Paul mentions a woman named Phoebe who was deacon of the port house church at Cenchrea, four miles southeast of Corinth. In Philippians 1:1, Paul indicates that the church of Philippi also had deacons. [5]

8. A word of caution is in order here. There are some in the church who, sometimes condescendingly, criticize churches that do not use these names for various leadership roles in the church today. Two important qualifications should be mentioned. The first is that there may have been varying leadership structures in the early church. We should not assume that all churches were led in the same way.

We do not find a single language in the New Testament. For example, the word deacon does not appear in Acts. Paul never uses the word elder in his primary letters. Some churches were probably more "charismatic" than others, others more structured, just like people have different personalities.

Perhaps more to the point, the structures of the early church were "incarnated" structures. That is to say, they fit the cultural dynamics of the day. It is foolish to think that the same leadership structures will be equally effective in all places, cultures, and times. Doing things the way they did them then will often yield quite different outcomes in a different time and place.

The church thus needs to do its best to incarnate the right values into forms that fit different wineskins. The early church had leaders. It had an authority structure. It developed institutions in some places (like the authority of apostles and elders in Jerusalem). It also had room for the Holy Spirit and more charismatic leadership that came "off the institutional grid," so to speak.
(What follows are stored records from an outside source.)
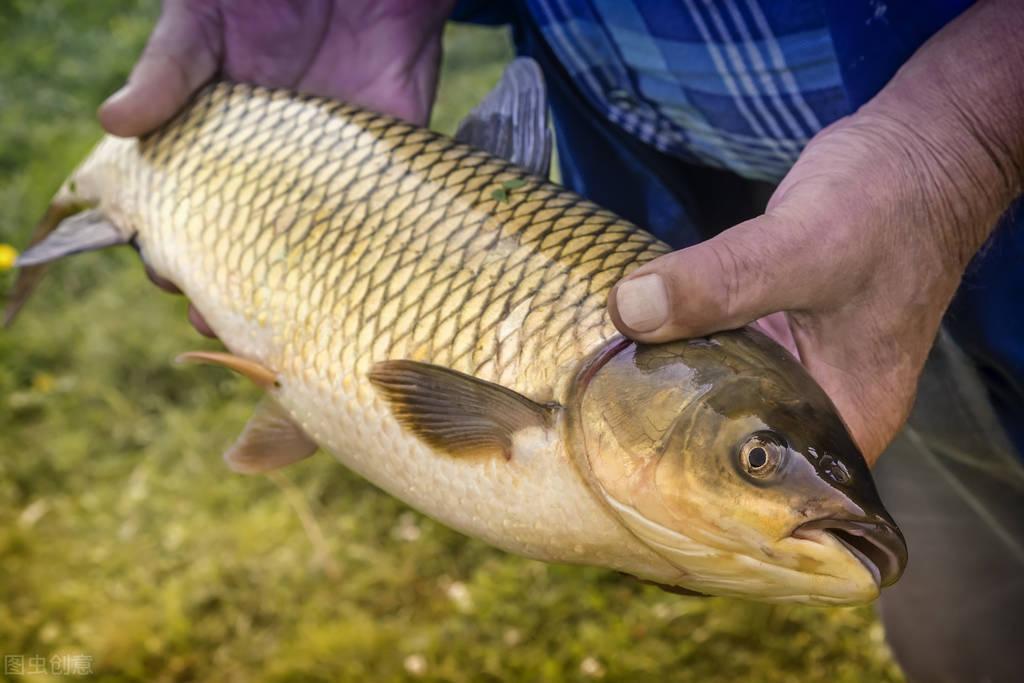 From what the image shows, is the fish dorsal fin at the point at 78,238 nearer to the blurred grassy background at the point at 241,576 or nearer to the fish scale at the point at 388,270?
the fish scale at the point at 388,270

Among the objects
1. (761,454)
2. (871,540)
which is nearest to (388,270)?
(761,454)

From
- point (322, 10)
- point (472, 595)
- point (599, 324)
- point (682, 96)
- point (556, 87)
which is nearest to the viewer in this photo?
point (599, 324)

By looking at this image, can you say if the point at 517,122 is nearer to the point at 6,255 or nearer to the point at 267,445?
the point at 267,445

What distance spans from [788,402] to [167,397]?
9.86ft

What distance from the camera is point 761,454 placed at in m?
1.30

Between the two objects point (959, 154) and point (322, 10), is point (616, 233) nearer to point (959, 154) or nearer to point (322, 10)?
point (959, 154)

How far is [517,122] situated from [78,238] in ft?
3.50

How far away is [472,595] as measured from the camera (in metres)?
3.00

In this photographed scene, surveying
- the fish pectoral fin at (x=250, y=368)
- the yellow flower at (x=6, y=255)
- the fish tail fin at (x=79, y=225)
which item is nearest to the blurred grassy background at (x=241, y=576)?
the yellow flower at (x=6, y=255)

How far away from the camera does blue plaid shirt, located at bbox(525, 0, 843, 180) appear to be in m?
1.86

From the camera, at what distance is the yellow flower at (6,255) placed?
A: 4.30 metres

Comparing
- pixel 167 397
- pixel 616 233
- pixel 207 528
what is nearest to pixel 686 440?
pixel 616 233

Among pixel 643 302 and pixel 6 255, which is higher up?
pixel 643 302

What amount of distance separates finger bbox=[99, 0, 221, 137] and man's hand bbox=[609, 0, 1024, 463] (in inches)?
54.2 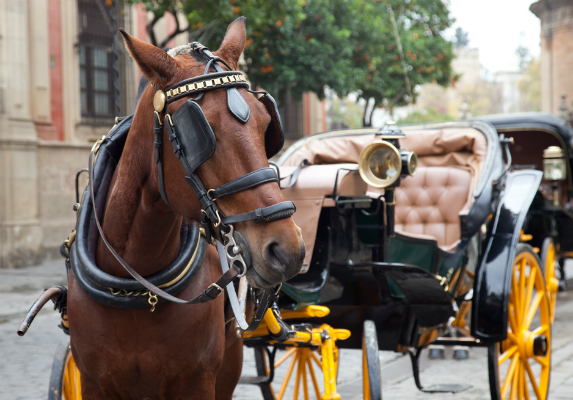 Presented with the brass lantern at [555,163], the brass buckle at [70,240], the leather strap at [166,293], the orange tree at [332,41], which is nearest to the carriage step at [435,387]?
the leather strap at [166,293]

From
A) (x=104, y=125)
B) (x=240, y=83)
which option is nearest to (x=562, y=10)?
(x=104, y=125)

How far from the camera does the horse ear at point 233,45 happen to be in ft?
6.73

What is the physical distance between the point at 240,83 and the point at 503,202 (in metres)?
2.88

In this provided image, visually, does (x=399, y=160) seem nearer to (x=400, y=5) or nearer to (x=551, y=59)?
(x=400, y=5)

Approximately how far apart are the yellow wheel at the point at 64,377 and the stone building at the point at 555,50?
23.7 meters

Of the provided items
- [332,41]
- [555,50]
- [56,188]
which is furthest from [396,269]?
[555,50]

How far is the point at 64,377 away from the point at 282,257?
1671mm

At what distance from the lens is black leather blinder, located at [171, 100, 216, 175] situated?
1.77m

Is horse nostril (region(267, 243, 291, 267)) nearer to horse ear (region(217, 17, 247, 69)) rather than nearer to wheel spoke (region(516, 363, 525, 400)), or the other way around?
horse ear (region(217, 17, 247, 69))

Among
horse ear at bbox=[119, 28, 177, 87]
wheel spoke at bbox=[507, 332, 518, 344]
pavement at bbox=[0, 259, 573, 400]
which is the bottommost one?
pavement at bbox=[0, 259, 573, 400]

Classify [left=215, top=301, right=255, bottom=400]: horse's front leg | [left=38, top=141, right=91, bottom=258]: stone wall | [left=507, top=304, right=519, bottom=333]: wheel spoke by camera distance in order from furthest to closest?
1. [left=38, top=141, right=91, bottom=258]: stone wall
2. [left=507, top=304, right=519, bottom=333]: wheel spoke
3. [left=215, top=301, right=255, bottom=400]: horse's front leg

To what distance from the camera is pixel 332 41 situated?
14.4 metres

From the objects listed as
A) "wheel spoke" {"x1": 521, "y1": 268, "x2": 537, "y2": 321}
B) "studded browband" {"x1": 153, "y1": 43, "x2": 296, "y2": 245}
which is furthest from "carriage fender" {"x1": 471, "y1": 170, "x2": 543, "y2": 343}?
"studded browband" {"x1": 153, "y1": 43, "x2": 296, "y2": 245}

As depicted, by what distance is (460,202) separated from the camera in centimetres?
497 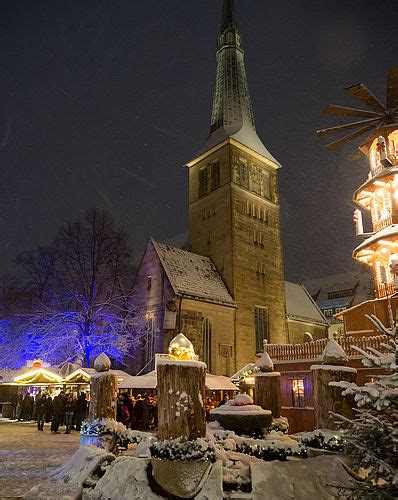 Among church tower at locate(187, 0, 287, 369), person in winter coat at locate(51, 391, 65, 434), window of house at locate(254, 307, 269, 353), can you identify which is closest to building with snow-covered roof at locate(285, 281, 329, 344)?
church tower at locate(187, 0, 287, 369)

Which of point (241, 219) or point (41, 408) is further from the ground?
point (241, 219)

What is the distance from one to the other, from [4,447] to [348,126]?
77.0 ft

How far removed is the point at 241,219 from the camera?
3712cm

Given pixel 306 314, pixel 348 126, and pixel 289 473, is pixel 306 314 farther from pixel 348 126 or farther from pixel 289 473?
pixel 289 473

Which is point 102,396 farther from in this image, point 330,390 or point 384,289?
point 384,289

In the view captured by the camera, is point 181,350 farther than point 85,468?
Yes

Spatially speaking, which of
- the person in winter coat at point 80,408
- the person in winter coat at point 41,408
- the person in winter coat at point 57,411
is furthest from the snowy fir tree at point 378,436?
the person in winter coat at point 41,408

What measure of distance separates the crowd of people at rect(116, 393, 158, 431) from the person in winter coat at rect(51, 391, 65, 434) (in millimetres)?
3165

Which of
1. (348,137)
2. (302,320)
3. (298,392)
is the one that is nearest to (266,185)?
(302,320)

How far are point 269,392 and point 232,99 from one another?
36.5 metres

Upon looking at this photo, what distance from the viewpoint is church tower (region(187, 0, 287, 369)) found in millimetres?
35125

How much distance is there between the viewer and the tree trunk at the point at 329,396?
9945mm

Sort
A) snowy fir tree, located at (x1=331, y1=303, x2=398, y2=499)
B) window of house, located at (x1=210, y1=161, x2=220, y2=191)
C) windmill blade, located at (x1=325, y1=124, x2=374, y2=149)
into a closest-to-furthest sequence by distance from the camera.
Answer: snowy fir tree, located at (x1=331, y1=303, x2=398, y2=499) < windmill blade, located at (x1=325, y1=124, x2=374, y2=149) < window of house, located at (x1=210, y1=161, x2=220, y2=191)

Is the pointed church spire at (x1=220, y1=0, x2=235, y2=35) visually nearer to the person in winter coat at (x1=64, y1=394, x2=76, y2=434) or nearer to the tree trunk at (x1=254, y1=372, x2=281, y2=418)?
the person in winter coat at (x1=64, y1=394, x2=76, y2=434) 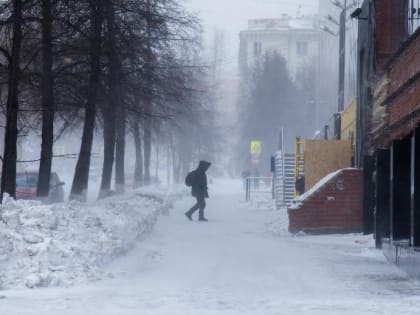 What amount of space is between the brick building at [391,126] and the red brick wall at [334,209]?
0.80 meters

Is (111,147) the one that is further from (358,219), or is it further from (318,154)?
(358,219)

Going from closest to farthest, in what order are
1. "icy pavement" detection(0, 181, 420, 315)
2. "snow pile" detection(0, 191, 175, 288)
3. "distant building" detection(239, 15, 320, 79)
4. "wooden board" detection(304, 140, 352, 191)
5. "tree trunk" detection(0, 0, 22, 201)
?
1. "icy pavement" detection(0, 181, 420, 315)
2. "snow pile" detection(0, 191, 175, 288)
3. "tree trunk" detection(0, 0, 22, 201)
4. "wooden board" detection(304, 140, 352, 191)
5. "distant building" detection(239, 15, 320, 79)

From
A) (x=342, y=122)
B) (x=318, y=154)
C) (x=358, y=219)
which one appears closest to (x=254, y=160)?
(x=342, y=122)

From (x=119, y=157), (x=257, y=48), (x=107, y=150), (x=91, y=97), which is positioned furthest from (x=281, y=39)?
(x=91, y=97)

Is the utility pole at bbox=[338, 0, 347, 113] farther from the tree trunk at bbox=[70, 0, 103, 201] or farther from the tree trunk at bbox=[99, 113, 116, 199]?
the tree trunk at bbox=[70, 0, 103, 201]

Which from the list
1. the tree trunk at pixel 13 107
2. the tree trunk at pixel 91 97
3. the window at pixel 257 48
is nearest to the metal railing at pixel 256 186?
the tree trunk at pixel 91 97

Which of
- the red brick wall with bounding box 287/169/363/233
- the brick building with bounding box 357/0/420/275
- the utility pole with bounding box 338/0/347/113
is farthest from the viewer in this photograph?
the utility pole with bounding box 338/0/347/113

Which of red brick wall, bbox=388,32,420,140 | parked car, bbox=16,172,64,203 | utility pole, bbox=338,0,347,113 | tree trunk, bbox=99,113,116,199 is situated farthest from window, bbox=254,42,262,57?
red brick wall, bbox=388,32,420,140

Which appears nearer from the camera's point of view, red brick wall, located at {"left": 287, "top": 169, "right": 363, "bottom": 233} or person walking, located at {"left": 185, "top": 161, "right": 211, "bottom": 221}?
red brick wall, located at {"left": 287, "top": 169, "right": 363, "bottom": 233}

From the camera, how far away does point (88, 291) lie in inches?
418

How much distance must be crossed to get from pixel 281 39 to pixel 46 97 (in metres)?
84.0

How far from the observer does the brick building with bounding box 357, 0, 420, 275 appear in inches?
500

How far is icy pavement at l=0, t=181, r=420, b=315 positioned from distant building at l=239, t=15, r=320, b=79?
81132mm

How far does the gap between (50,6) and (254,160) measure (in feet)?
129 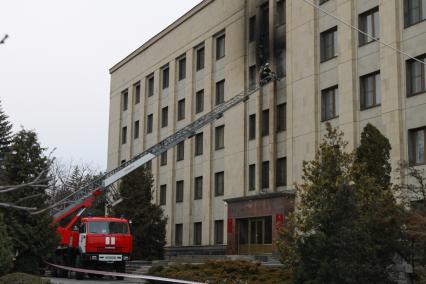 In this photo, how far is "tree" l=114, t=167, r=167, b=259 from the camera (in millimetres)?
40125

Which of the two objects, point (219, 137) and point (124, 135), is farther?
point (124, 135)

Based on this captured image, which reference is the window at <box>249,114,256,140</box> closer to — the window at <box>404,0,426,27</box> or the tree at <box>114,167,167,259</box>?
the tree at <box>114,167,167,259</box>

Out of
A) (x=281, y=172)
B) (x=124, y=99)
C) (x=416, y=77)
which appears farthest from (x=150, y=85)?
(x=416, y=77)

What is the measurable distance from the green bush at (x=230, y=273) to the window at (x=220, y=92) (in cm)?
1832

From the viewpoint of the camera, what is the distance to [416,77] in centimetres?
2858

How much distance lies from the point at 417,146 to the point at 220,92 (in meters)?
18.0

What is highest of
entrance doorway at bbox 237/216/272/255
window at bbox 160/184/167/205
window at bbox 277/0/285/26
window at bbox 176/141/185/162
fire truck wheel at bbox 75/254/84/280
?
window at bbox 277/0/285/26

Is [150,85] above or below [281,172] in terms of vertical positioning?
above

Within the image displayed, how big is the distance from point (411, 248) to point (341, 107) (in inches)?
618

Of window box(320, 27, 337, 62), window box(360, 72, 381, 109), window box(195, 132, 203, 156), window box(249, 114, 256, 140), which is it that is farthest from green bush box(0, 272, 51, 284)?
window box(195, 132, 203, 156)

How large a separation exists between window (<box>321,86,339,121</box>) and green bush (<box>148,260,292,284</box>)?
11.3 m

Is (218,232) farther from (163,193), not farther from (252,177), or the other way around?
(163,193)

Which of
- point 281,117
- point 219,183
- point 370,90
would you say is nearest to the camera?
point 370,90

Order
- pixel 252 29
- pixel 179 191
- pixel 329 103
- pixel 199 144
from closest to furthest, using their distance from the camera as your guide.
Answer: pixel 329 103
pixel 252 29
pixel 199 144
pixel 179 191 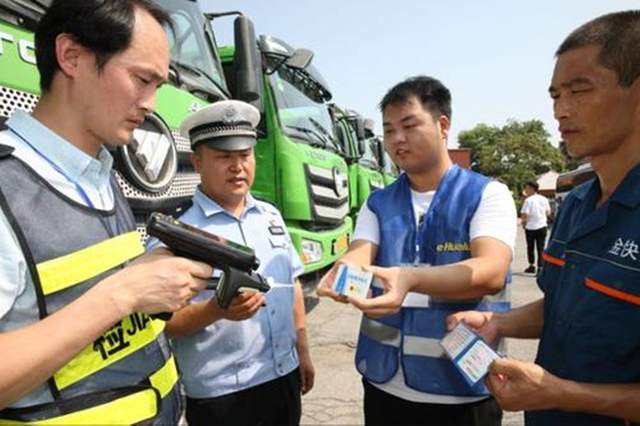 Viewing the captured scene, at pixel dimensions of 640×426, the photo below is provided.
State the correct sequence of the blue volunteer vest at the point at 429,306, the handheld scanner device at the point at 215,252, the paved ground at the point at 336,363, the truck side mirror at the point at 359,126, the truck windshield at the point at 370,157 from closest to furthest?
the handheld scanner device at the point at 215,252
the blue volunteer vest at the point at 429,306
the paved ground at the point at 336,363
the truck side mirror at the point at 359,126
the truck windshield at the point at 370,157

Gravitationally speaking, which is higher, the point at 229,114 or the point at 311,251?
the point at 229,114

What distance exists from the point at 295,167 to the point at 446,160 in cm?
249

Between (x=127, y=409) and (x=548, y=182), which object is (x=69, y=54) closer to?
(x=127, y=409)

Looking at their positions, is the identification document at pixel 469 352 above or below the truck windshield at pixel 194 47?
below

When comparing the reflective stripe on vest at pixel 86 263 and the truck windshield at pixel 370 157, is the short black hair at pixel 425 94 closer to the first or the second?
the reflective stripe on vest at pixel 86 263

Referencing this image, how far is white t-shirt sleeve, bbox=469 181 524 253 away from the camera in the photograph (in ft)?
5.41

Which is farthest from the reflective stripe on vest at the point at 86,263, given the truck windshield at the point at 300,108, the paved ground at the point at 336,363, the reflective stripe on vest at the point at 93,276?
the truck windshield at the point at 300,108

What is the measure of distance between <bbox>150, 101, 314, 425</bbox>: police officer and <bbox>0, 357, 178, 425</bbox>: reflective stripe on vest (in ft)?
1.37

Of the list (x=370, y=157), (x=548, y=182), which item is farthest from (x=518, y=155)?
(x=370, y=157)

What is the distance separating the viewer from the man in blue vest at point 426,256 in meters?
1.62

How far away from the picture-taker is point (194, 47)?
322cm

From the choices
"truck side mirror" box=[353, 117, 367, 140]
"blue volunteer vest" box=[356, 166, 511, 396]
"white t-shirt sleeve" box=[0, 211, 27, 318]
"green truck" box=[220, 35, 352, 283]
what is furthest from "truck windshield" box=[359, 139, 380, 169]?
"white t-shirt sleeve" box=[0, 211, 27, 318]

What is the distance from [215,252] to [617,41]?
119 centimetres

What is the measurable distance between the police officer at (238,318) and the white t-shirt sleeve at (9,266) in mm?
738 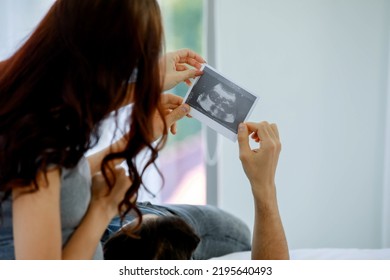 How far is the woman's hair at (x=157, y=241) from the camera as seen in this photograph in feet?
3.79

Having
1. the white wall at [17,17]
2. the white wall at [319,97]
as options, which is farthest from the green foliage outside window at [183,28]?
the white wall at [17,17]

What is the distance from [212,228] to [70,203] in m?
0.86

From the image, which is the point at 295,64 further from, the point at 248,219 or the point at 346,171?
the point at 248,219

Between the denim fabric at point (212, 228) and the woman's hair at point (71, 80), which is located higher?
the woman's hair at point (71, 80)

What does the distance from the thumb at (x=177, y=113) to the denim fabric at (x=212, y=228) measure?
1.39ft

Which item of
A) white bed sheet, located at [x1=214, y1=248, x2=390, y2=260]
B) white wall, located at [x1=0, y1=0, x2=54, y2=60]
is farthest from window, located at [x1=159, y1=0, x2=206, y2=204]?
white bed sheet, located at [x1=214, y1=248, x2=390, y2=260]

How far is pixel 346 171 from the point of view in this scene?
248cm

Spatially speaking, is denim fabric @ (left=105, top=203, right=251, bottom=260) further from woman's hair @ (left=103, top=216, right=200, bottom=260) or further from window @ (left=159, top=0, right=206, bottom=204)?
window @ (left=159, top=0, right=206, bottom=204)

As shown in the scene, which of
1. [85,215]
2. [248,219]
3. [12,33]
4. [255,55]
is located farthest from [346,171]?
[85,215]

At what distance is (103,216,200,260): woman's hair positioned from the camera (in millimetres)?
1154

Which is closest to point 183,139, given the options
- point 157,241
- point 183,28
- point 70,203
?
point 183,28

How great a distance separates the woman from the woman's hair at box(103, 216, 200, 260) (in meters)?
0.15

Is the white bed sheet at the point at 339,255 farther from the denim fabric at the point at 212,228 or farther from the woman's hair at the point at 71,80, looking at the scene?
the woman's hair at the point at 71,80

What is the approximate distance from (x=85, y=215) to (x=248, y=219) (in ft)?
5.20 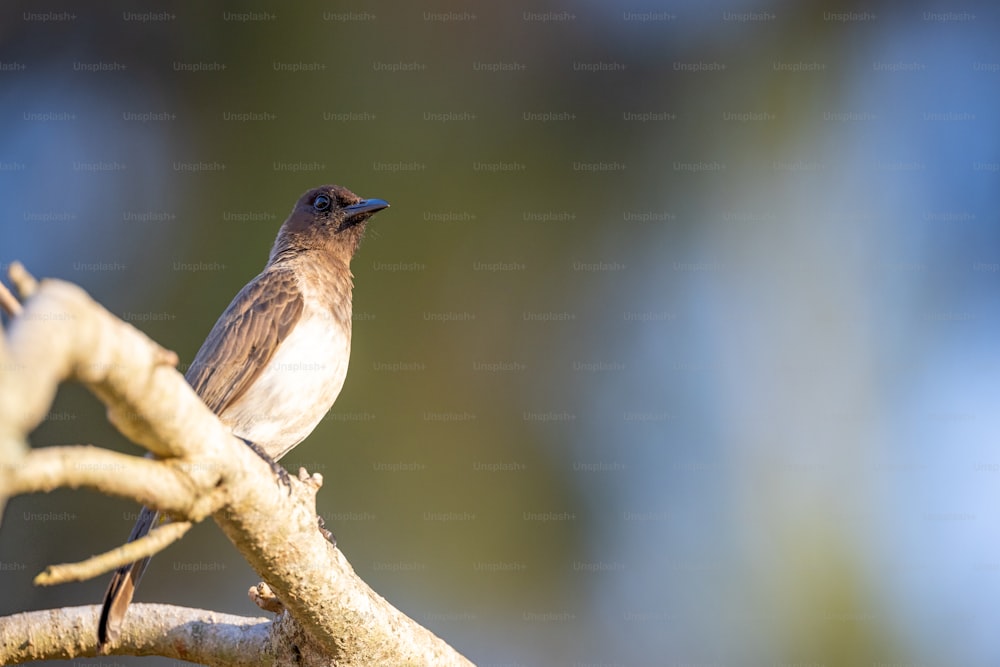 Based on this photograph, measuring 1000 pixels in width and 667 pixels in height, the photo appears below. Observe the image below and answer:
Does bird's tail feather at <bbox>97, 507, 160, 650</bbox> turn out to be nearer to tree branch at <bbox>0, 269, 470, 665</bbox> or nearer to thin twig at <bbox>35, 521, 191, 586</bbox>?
tree branch at <bbox>0, 269, 470, 665</bbox>

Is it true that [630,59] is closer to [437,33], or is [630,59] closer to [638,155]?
[638,155]

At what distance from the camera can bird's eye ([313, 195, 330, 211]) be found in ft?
19.1

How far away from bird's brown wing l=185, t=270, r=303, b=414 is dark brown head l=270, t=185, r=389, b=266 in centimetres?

These are two important poles for the church today: institution and charisma, apostle and prophet. Without the prophet, institutions become stale and bureaucratized. Without the apostle and council of elders, there is no clear official answer in controversy.

Meanwhile, there must be local leaders and there must be "get it done" type people. Although it is not a neat division, the broader church apostles and prophets are like the strategic leaders of the church. [6] The local elders and overseers are like the tactical leaders of the church. Then the deacons are like the operational leaders of the church.

Of course good strategy can come from anyone, as can good tactical and operational insights. In the modern church, if you would, we can line up these types of leaderships roughly with those who lead, those who manage, and those who administrate.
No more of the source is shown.